But then, it doesn't matter what some people ask. What really matters is what the few people capable of writing multi-million dollar checks ask. And at least one highly visible Republican mega-donor is wondering whether his money was spent the way he wanted it to be. The problem, retired mutual fund executive Foster Freiss told The Los Angeles Times for an article published Thursday, has to do with transparency.
"You have no idea of the financial structuring of a lot of these outside groups in terms of how much went to the actual delivery of a message," Friess said, "versus how many dollars were taken off as fees to the people running them."

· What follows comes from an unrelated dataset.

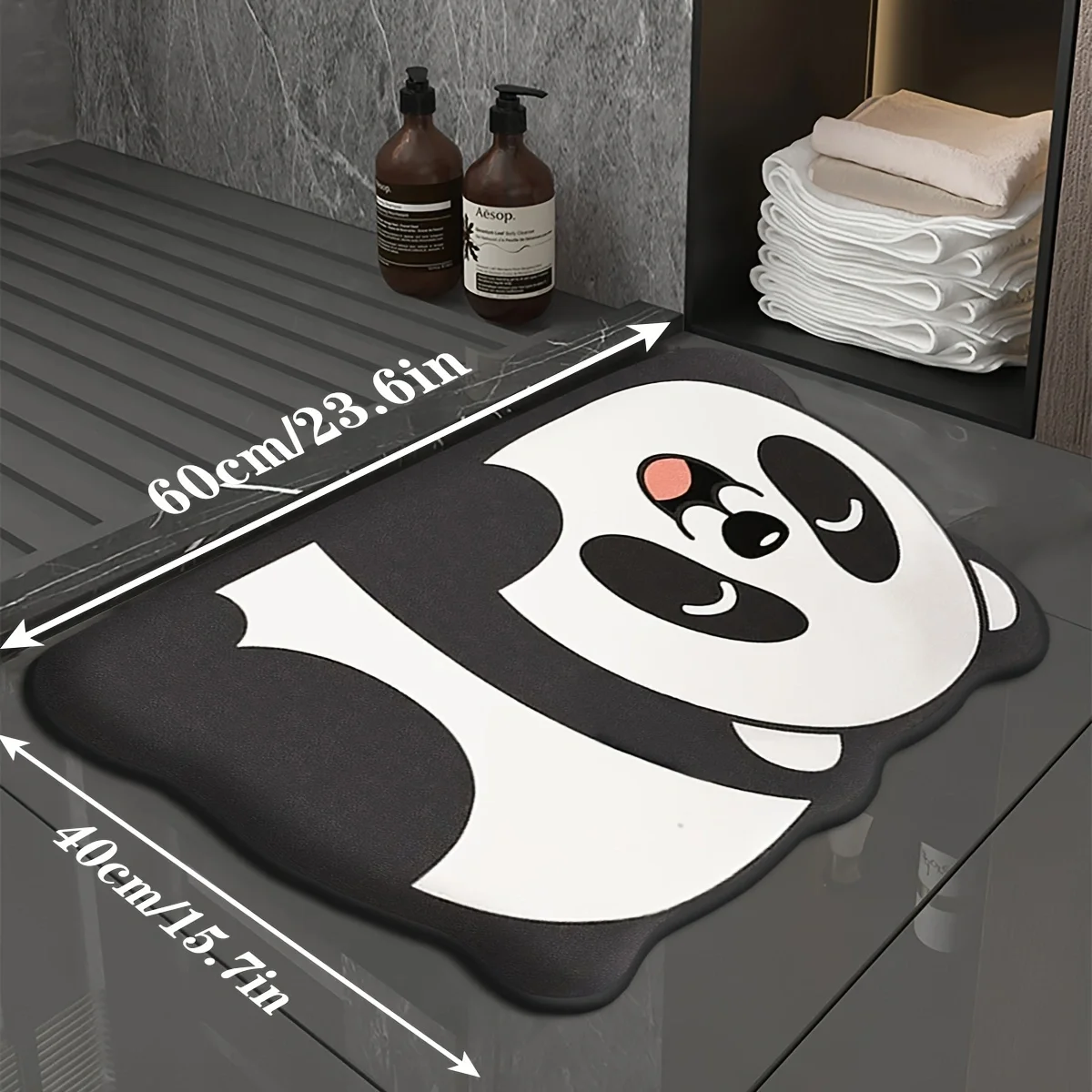 Niedliche, mit Korallensamt verdickte, rutschfeste Badezimmer-Bodenmatte, Dekoration, schmutzabweisende Matte, saugfähige Bodenmatte, Eingangstürmatte Image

Friess told the Times he'd ideally like a change to campaign finance rules that would allow donors like him to give their big checks directly to candidates. Nevertheless, having just spent $5 million on a losing effort doesn't make Friess think the giving to outside groups is going to slow.
"My guess is that four years from now, the financial support will not drop off but may be even higher for the outside groups," he said.
Friess, who originally backed former Pennsylvania Sen. Rick Santorum's bid for the Republican nomination, gave large sums this cycle to the pro-Romney Restore Our Future, the pro-Santorum Red, White & Blue Fund, and FreedomWorks. In February, Friess got headlines and criticism for saying on national television that, back in his day, women "used Bayer Aspirin for contraceptives. The gals put it between their knees and it wasn't that costly."